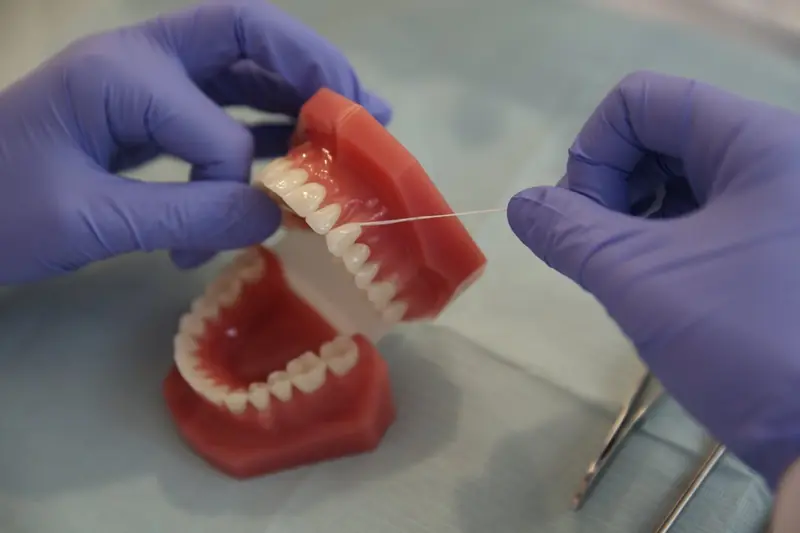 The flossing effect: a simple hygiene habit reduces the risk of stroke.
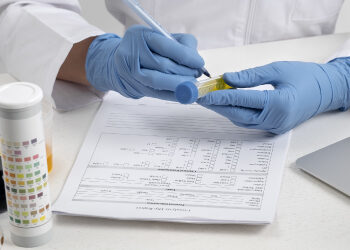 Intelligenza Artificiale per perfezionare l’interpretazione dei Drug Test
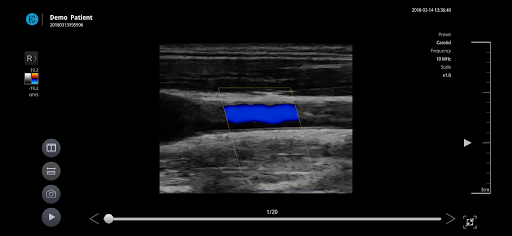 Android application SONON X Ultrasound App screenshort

◇ ◇ ◇

◆ What you are asked to do
Write out the listing above exactly as it stands, pictures excluded.

◆ Exercise solution
 The flossing effect: a simple hygiene habit reduces the risk of stroke.
 Intelligenza Artificiale per perfezionare l’interpretazione dei Drug Test
 Android application SONON X Ultrasound App screenshort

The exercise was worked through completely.